Capitaliser sur ce qui existe, 3 exemples
Prenons l’exemple du CHU de Clermont: dans le cadre du challenge 3 du projet I SIte Cap 2025, il développe un axe fort de recherche sur les questions de mobilité et santé (Voir notre article sur l’intervention de Martine Duclos). L’enjeu est de faire de Clermont le Centre Européen de la mobilité (cf notre interview du Professeur Alain Eschalier). En termes de rayonnement, il n’y a pas d’équivalent en France ou en Europe. Le projet Charade aussi doit être prioritaire et soutenu par tous. Cela ne doit pas seulement être le projet du département. Il faut qu’il réussisse.
On a aussi besoin que l’Auvergne, avec Engie, EDF, … avec des fabricants de biogaz comme Chadasaygas etc se dote de ce que j’appelle les 3 « ceintures énergétiques » : l’hydrogène propre, le biogaz et de l’électricité propre. Les acteurs nécessaires sont sur place, il peut y avoir une vraie émulation et une crédibilité plus forte aussi pour les projets des uns et des autres.
Mais cela ne fonctionnera que s’il y a une véritable synergie.
Engager de nouvelles actions
En 2 ans, engager un corpus d’enseignement multidisciplinaires qui ira crescendo
Polytech a déjà mis en place un module “Polycompétences et mobilité” très rapidement dès cette rentrée (voir notre article). D’autres spécialités vont émerger ou se renforcer, des masters, des DU … La spécialisation est nécessaire pour émerger : Montluçon et la logistique, Vichy et la santé, Le Puy et le numérique, Aurillac et la cybersécurité… Il faut vraiment développer une culture commune “mobilité”, sous toutes ses facettes.
Il y a également une volonté de développer des activités de recherche et d’expérimentation, en lien avec la Métropole et les entreprises du territoire.
La création d’un campus des métiers et des qualifications Mobilité durable pour irriguer tous les niveaux de formation, sur toutes ses facettes. Là encore, il faut démarrer avec ceux qui seront les plus dynamiques ou les plus motivés. Et monter en puissance.

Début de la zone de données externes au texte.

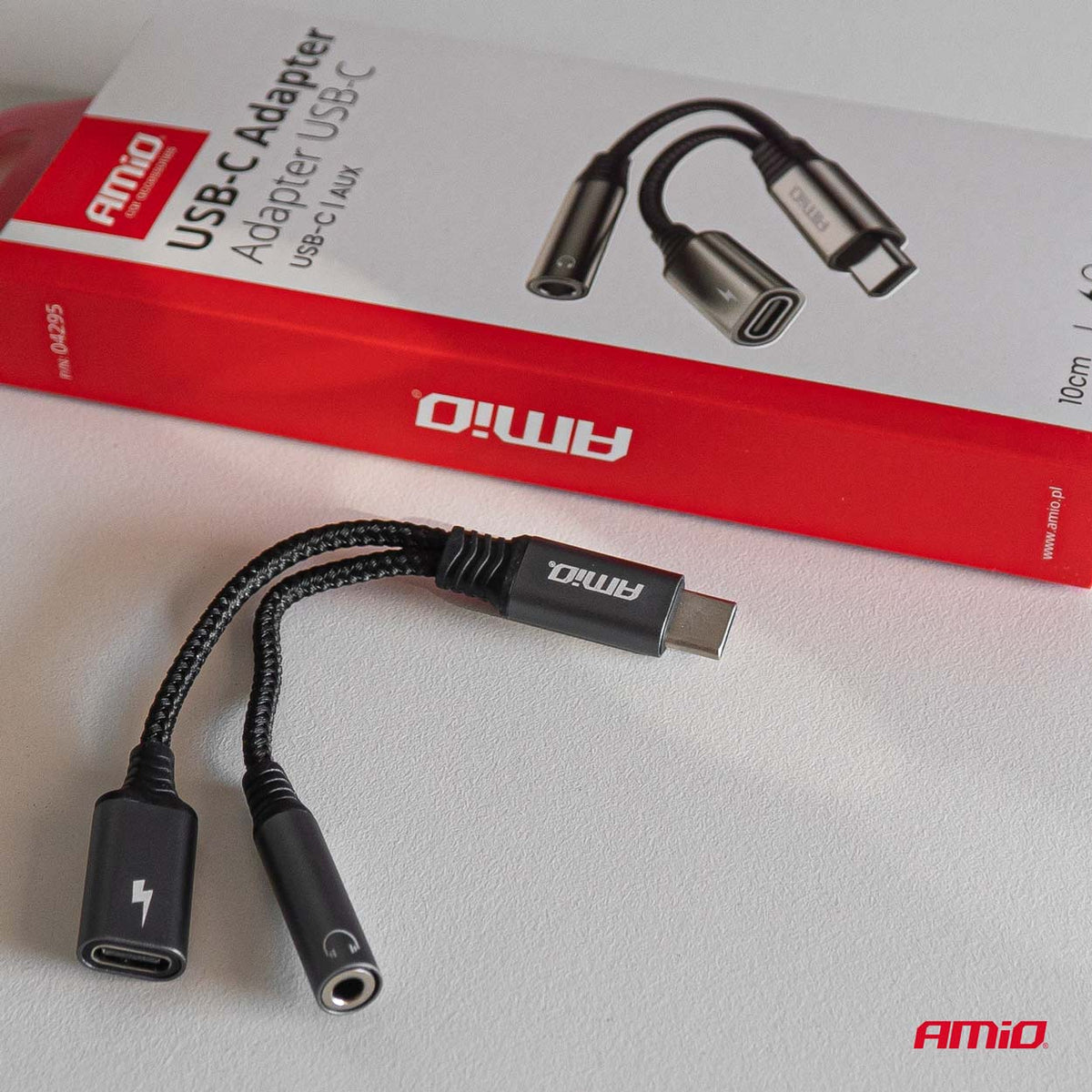 USB-C - USB-C + 3,5 mm mini-jack -sovitin 10 cm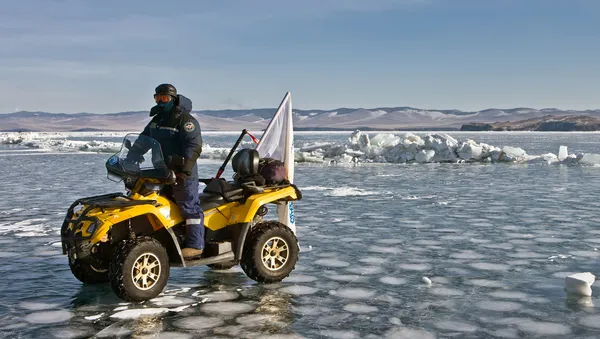 Geländewagen auf dem Eis des Baikals — Stockfoto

Enfin, Clermont doit se saisir de la ‘torche’ des villes qui assument leur volonté de transformer leur mobilité, en se dotant notamment
- d’une véritable Zone Faible Emission puis très faible émission, puis O émission qui recompose réellement un espace piétonnier,
- d’un plan cyclable ambitieux,
- d’une billetique multimodale…
Clermont, en tant que capitale du territoire, a un rôle de leader sur le territoire, elle doit engager des actions visibles et significatives.
Créer une dynamique inspirante
Il n’est pas nécessaire d’embarquer tout le monde dès le départ. La première édition d’Orbimob a reposé sur un petit nombre d’acteurs engagés. Mais ils avaient tous le ‘feu’, l’envie que ça bouge.
Souvent, on oppose le manque de moyens à la possibilité d’agir. Le plus souvent, c’est un faux problème. Il faut accepter de faire même si ce n’est pas parfait. Il faut amorcer. Démarrer petit, nous sommes petits aujourd’hui, et progressivement, nous ferons que les choses impossibles deviennent possibles.
Il y a aujourd’hui partout dans le monde des compétences qui ne demandent qu’à trouver de nouveaux terrains d’expérimentations, de nouvelles collaborations. Qui ont envie de contribuer à des projets ambitieux. Nous pouvons nous déclarer prêts à les accueillir. La dynamique et l’ambition sont des stimulants. Ils inspirent l’envie de participer, de s’intéresser et in fine, facilitent aussi l’accès aux financements.
A quels écueils faut-il être attentif pour éviter de se retrouver au même point dans 6 ans ?
Un unique écueil à éviter: la division !
Nous devons penser et agir avec notre ambition collective en ligne de mire. Il faut que nous soyons dynamiques et bienveillants les uns avec les autres. C’est fondamental.
Et un second finalement.
Ne pas oser nous déclarer.
Nous devons affirmer que nous voulons préempter le domaine des mobilités territoriales, à Paris, à Bruxelles. Attirer l’attention, susciter l’intérêt … Pour cela, nous devons trouver notre équation entre ambition forte déclarée et humilité si caractéristique des auvergnats.
Et rendez-vous l’année prochaine, pour une nouvelle édition d’Orbimob.